Les murs étaient couverts de vieilles photos de surf jaunies par le temps. Des Polaroids. Des planches cassées accrochées au plafond. Des autocollants défraîchis. Toute la décoration donnait l’impression que ce bar avait été construit par des gens ayant refusé de grandir correctement.
Et honnêtement…
je commençais à trouver ça magnifique.
João revint vers nous.
— Donc Emmanuel…
Je levai les yeux.
— Comment tu connais mon prénom ?
— Luna déteste retenir les prénoms. Moi j’écoute les gens.
Luna leva son verre.
— C’est faux. Je retiens les prénoms des gens intéressants.
— Donc pratiquement personne, répondit João.
Elle sourit.
Visiblement ces deux-là passaient leur temps à s’insulter affectueusement depuis plusieurs années.
João me regarda longuement.
— T’as la tête des types qui arrivent ici en pensant rester deux semaines.
— Ah.
— Puis un jour ils regardent l’océan et leur ancienne vie commence à leur sembler inventée.
Je soufflai doucement du nez.
— C’est censé me rassurer ?
— Non. Il haussa les épaules.
— Ici rien ne rassure. Ça révèle juste les problèmes plus lentement.
Luna éclata de rire.
Puis elle attrapa un paquet de bonbons posé derrière le bar sans demander l’autorisation.
João leva immédiatement les yeux au ciel.
— Tu es une enfant de huit ans enfermée dans le corps d’une catastrophe émotionnelle colombienne.
— Merci João.
Elle ouvrit le paquet et me le tendit.
— Prends-en un.
— J’ai trente-six ans.
— Et ?
— Les adultes mangent des olives ou des trucs tristes comme ça.
— Les adultes sont surtout des enfants fatigués avec des problèmes bancaires.
Je pris finalement un bonbon.
Fraise.
Évidemment.
Le goût chimique explosa immédiatement dans ma bouche.
Et bizarrement…
ça me rappela quelque chose de simple. L’enfance peut-être. Ou une époque où les gens n’avaient pas encore transformé l’amour en guerre psychologique avec notifications passives-agressives.
Luna me regardait en souriant légèrement.
— Tu vois ? T’es déjà moins mort intérieurement.
— Attention, je vais finir par croire à ton programme de réhabilitation émotionnelle.
— Impossible. Elle but une gorgée de vin.
— Moi-même je ne me fais pas confiance.
Silence.
Le vent soufflait plus fort maintenant.
Dehors, quelques silhouettes passaient encore près de la plage.
Puis João posa soudain ses bras sur le comptoir.
— Bon.
— Quoi encore ? souffla Luna.
— Je veux juste savoir combien de temps avant que vous deveniez un énorme problème l’un pour l’autre.
— João…
— Non parce que généralement les gens cassés ici suivent toujours le même schéma. Il compta sur ses doigts.
— Surf. Vin rouge. Discussions profondes à deux heures du matin. Regard intense. Catastrophe.
Luna leva son verre vers lui.
— Magnifique résumé de mes trente dernières années.
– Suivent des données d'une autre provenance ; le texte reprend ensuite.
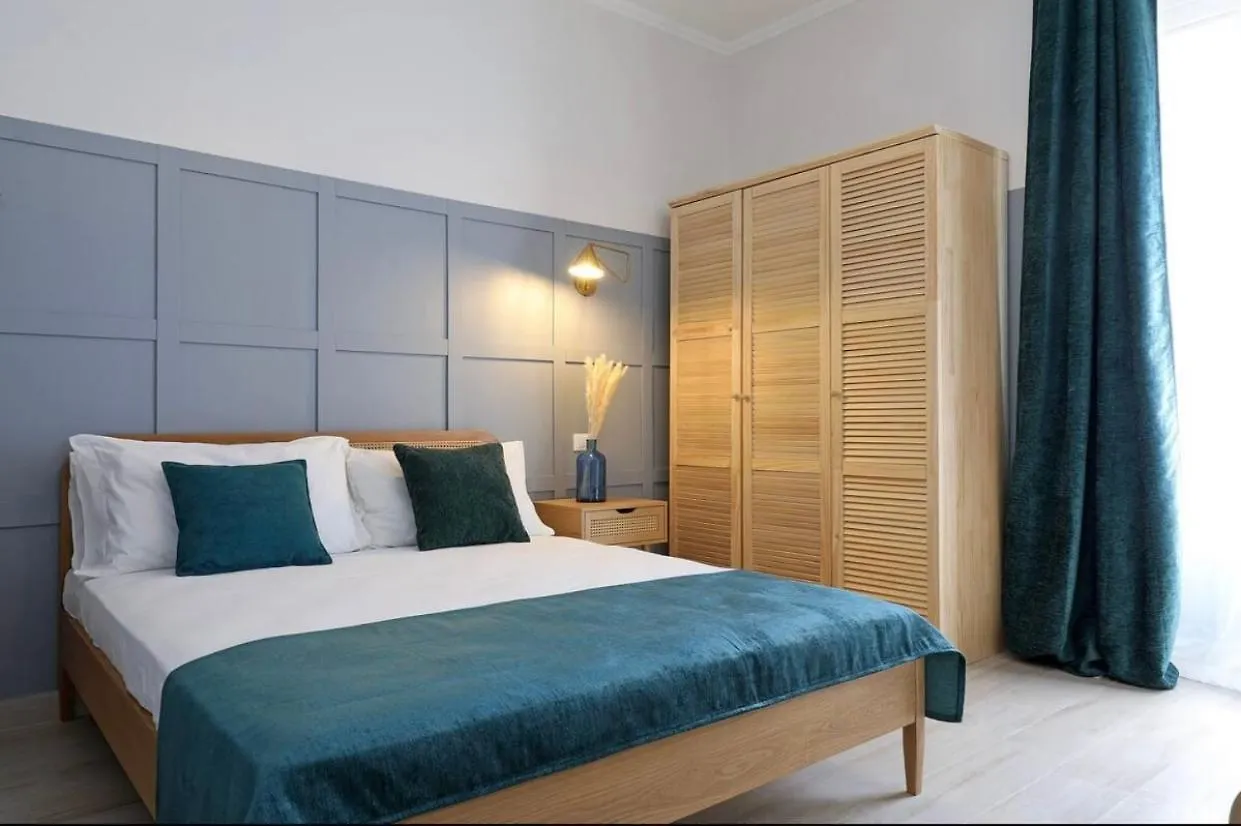 Baccina Apartments Rome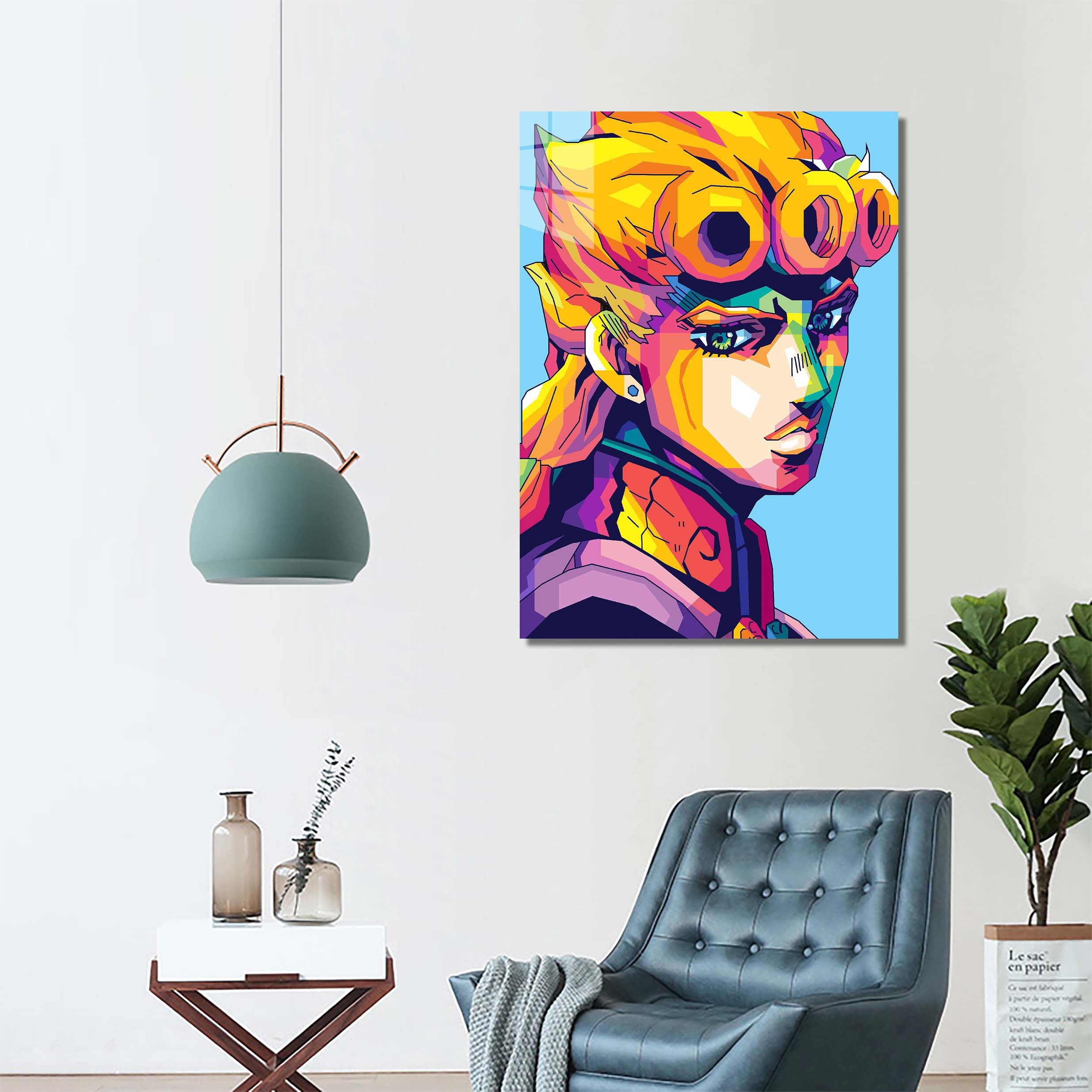 Giorno Giovanna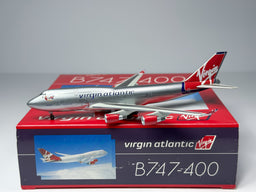 Virgin Atlantic Boeing 747-400 1:400 Dragon Wings G-VGAL (55108)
Je partis dans un rire fatigué.
Puis João me regarda sérieusement.
— Fais attention à elle, Emmanuel.
Luna leva immédiatement les yeux au ciel.
— Oh mon Dieu…
— Non. Il continua sans la regarder.
— Pas parce qu’elle est dangereuse. Parce qu’elle fait semblant d’aller bien depuis trop longtemps.
Le silence tomba immédiatement.
Même Luna ne répondit rien cette fois.
Elle regardait son verre.
Et pendant une seconde…
je vis autre chose derrière son sourire.
Quelque chose de fatigué. D’usé. Comme une lumière qui lutte encore mais qui commence doucement à manquer d’électricité.
Puis elle releva les yeux vers moi.
Et immédiatement, le sourire revint.
— Bon. Elle tapa dans ses mains.
— On va éviter la thérapie de groupe portugaise avant minuit.
— Excellente idée, répondit João.
— Emmanuel.
— Oui ?
— Tu surfes demain.
— Mon corps est actuellement composé à soixante pour cent de douleur lombaire.
— Parfait. Elle sourit.
— Tu vas adorer les vagues portugaises alors.